The drift alarm is the highest-leverage piece. The absolute task-success number is a lagging indicator that's easy to argue with after an incident. The divergence between provider availability and task availability tells you that something in your composition layer — retry policy, fanout shape, replan logic — is amplifying a small upstream wobble into a big downstream one. That is the signal you can act on while the incident is in flight, not after.

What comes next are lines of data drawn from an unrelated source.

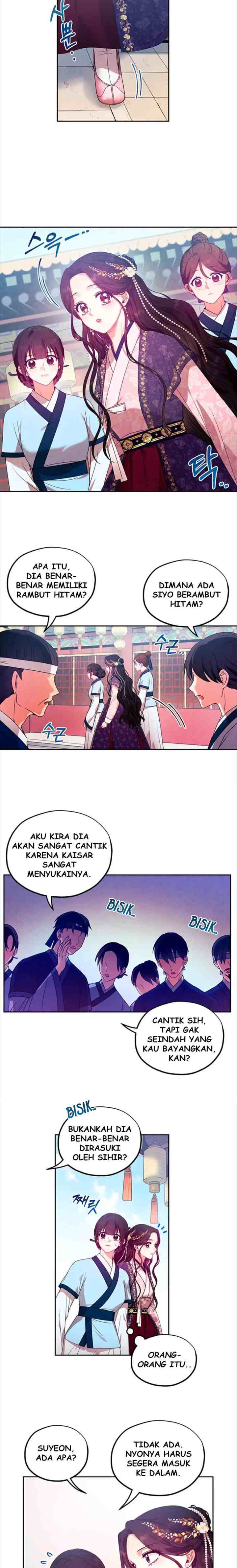 Elixir of the Sun chapter 52 halaman 5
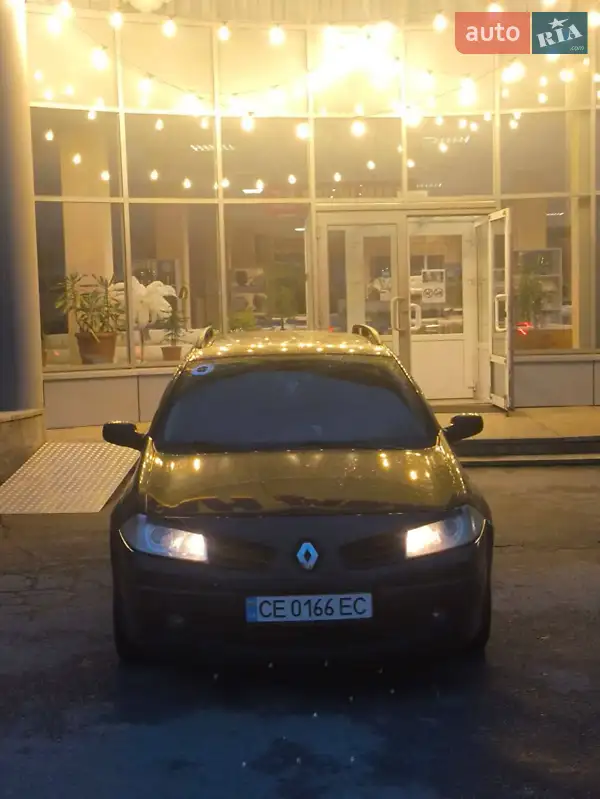 Renault Megane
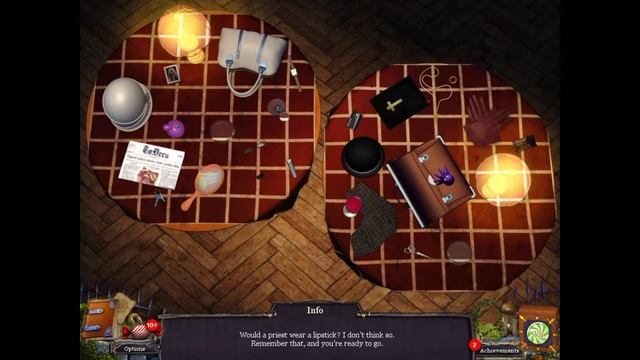 BELONGINGS SHUFFLE | Evil Pumpkin: The Lost Halloween #7 смотреть онлайн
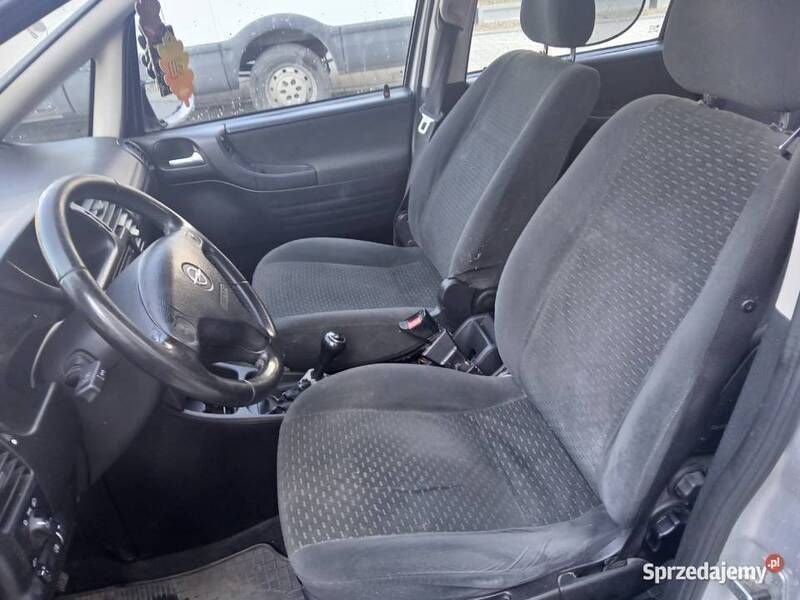 Używany Opel Zafira 2003 Minivan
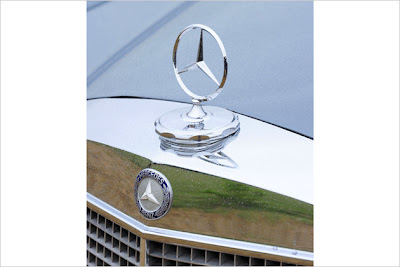 Mercedes-Benz 600 from Elvis Presley under the hammer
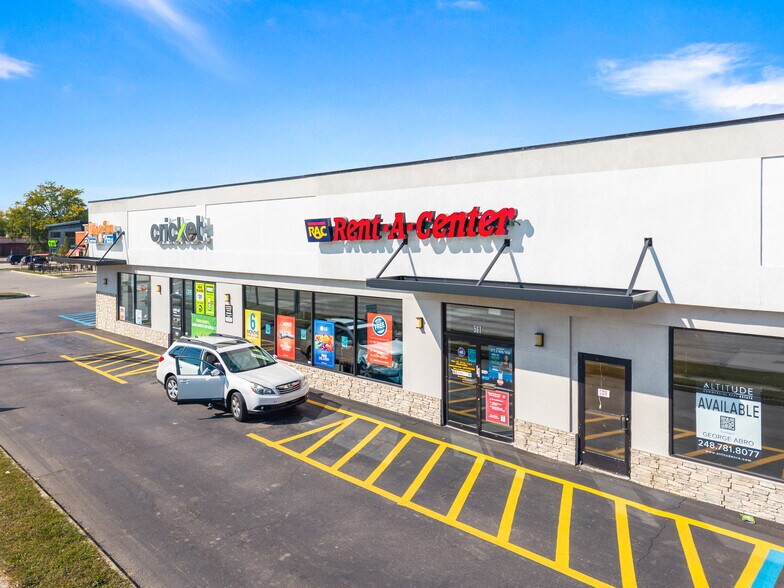 More Photos Of 539-577 E Chicago St, Coldwater Unknown For Lease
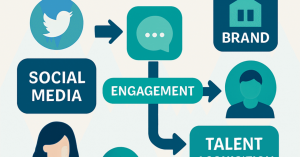 企業のSNS戦略：採用活動に活かす効果的なアプローチ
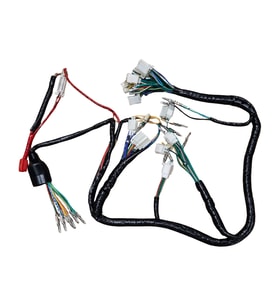 CG 125 AGK Elektrik Tesisatı Komple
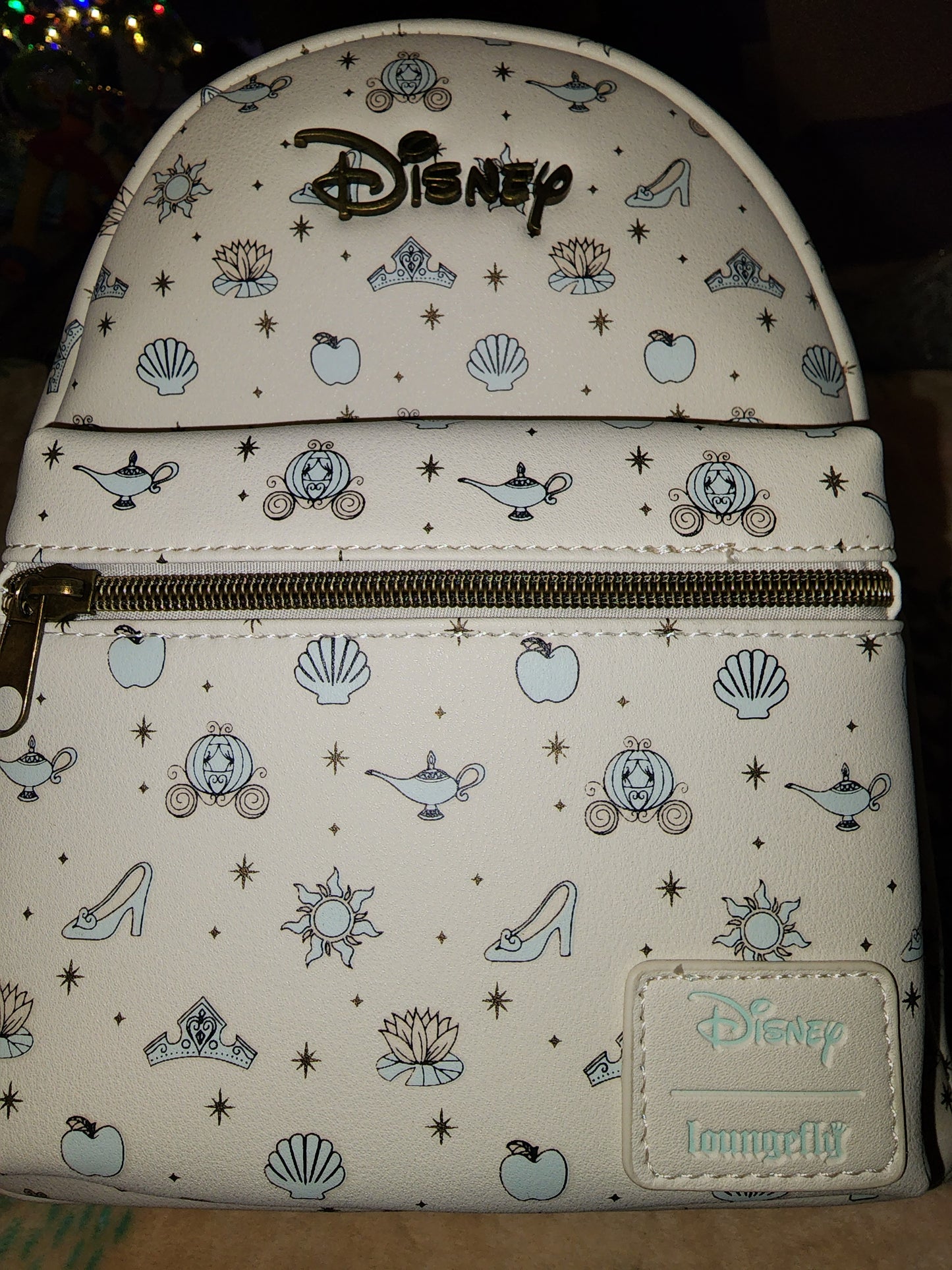 Disney Princesses Backpack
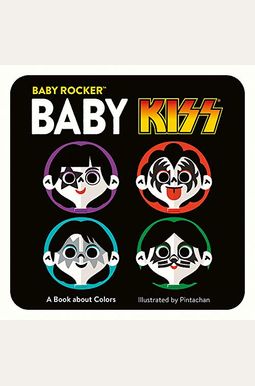 Baby Kiss: A Book About Colors Baby Kiss: A Book About Colors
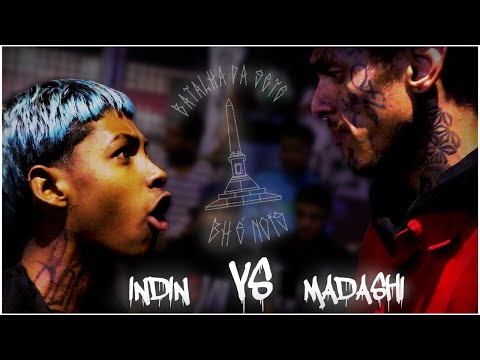 Indin VS Madashi (1° FASE) BP7 - 19 ANO2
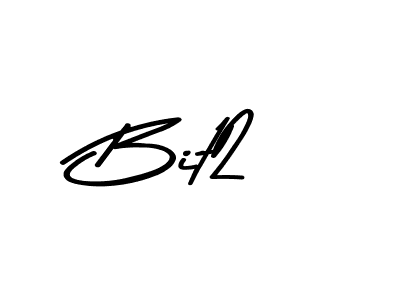 Once you've used our free online signature maker to create your best signature Asem Kandis PERSONAL USE style, it's time to enjoy all of the benefits that Bit2 name signing documents. Bit2 signature style 9 images and pictures png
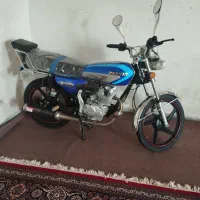 موتور 150استارتی صفر|موتورسیکلت|کوهدشت, |دیوار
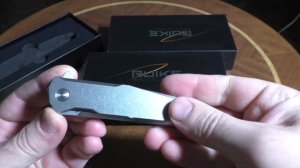 ОБЗОР НОЖА RUIKE P108 SF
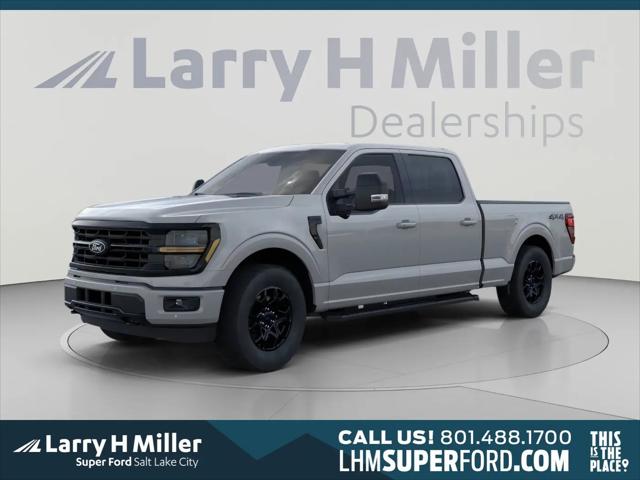 2026 Ford F-150 XLT for sale in Salt Lake City, UT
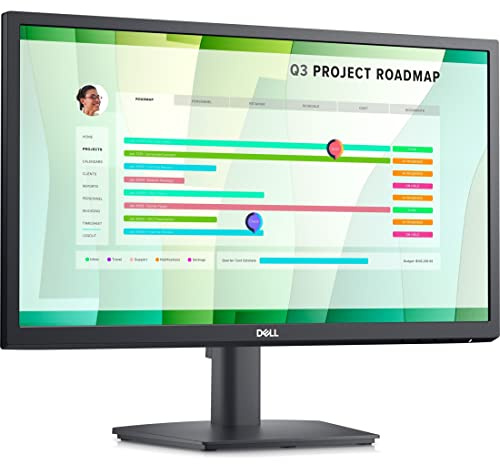 Dell E2223HN - LED display - Full HD (1080p) - 21.5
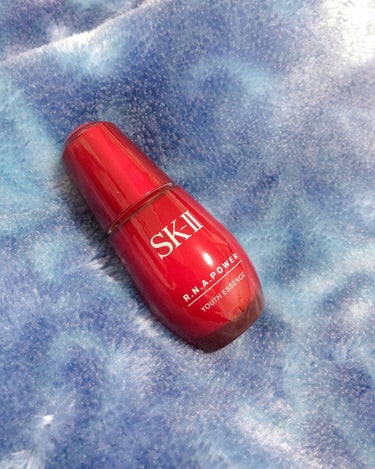 SK-II R.N.A. パワー ラディカル ニュー エイジ エッセンスのクチコミ「私のインナードライの救世主。
過去のSK-IIの肌診断でも油分と水分値が安定せず悩みに悩み、S.....」（1枚目）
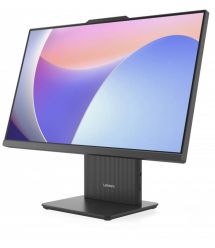 Lenovo ПК Моноблок Lenovo IdeaCentre AIO 24ARR9 23.8" FHD IPS AG, AMD R5-7535HS, 16GB, F512GB, UMA, кл+м, без ОС, серый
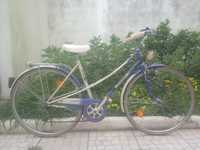 Bicicleta Bianchi senhora mixte classica vintage r28 700c azul
Tam50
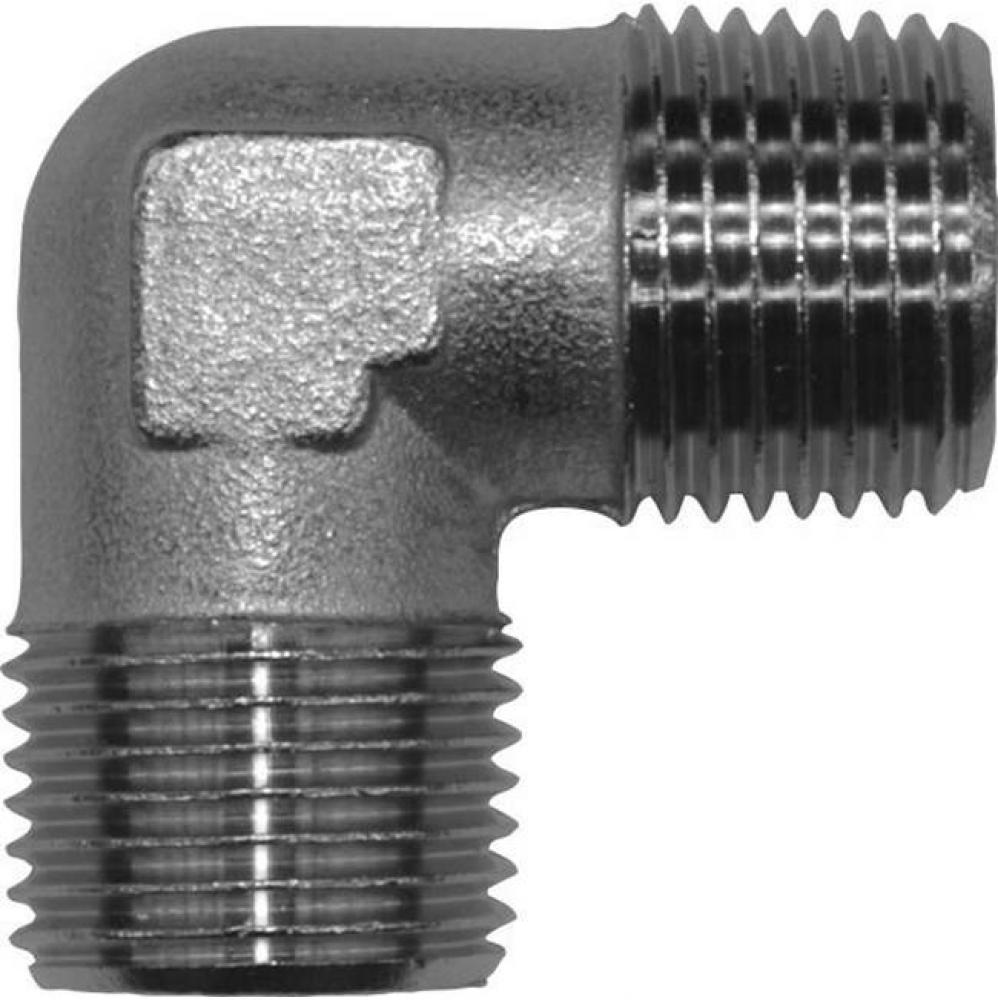Mfs Angle Bolt for Screwing In 3/4'' Brass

What to actually do this quarter

If your team is shipping agent features against vendor SLAs, the playbook fits on one page:

1. Compute your fanout factor. Look at a real day's traffic. How many provider calls does the median user task make? The 95th percentile? You probably do not know, and the number is the input to every other decision.
2. Compose the math. Multiply per-call provider availability by the fanout factor. Compare to your task-success SLO. If the composed number is below the SLO, no amount of provider performance inside their SLA will save you.
3. Audit the retry policy. For each retryable error, ask whether retrying is recovering the call or just amplifying load. Replanning on semantic errors and cancelling outstanding fanouts on critical errors are usually higher-leverage than a fourth retry.
4. Negotiate the right clauses at renewal. Burst headroom, retry-aware credit accounting, inter-token latency ceilings, region-pinned model versions. Cheap to ask for, expensive to retrofit.
5. Build the divergence alarm. Provider SLI minus task SLI, alerted on the gap, not the absolute. This is the metric that catches incidents that the provider's status page does not.

The architectural takeaway is short. "We run on top of a 99.9% provider" is a claim about a workload your provider was benchmarking, not the workload your agent is generating. The user-perceived availability of your feature is a composition — provider availability, retry policy, fanout shape, aggregation logic — and every one of those terms is yours to design. The contract is the floor; the math determines the ceiling.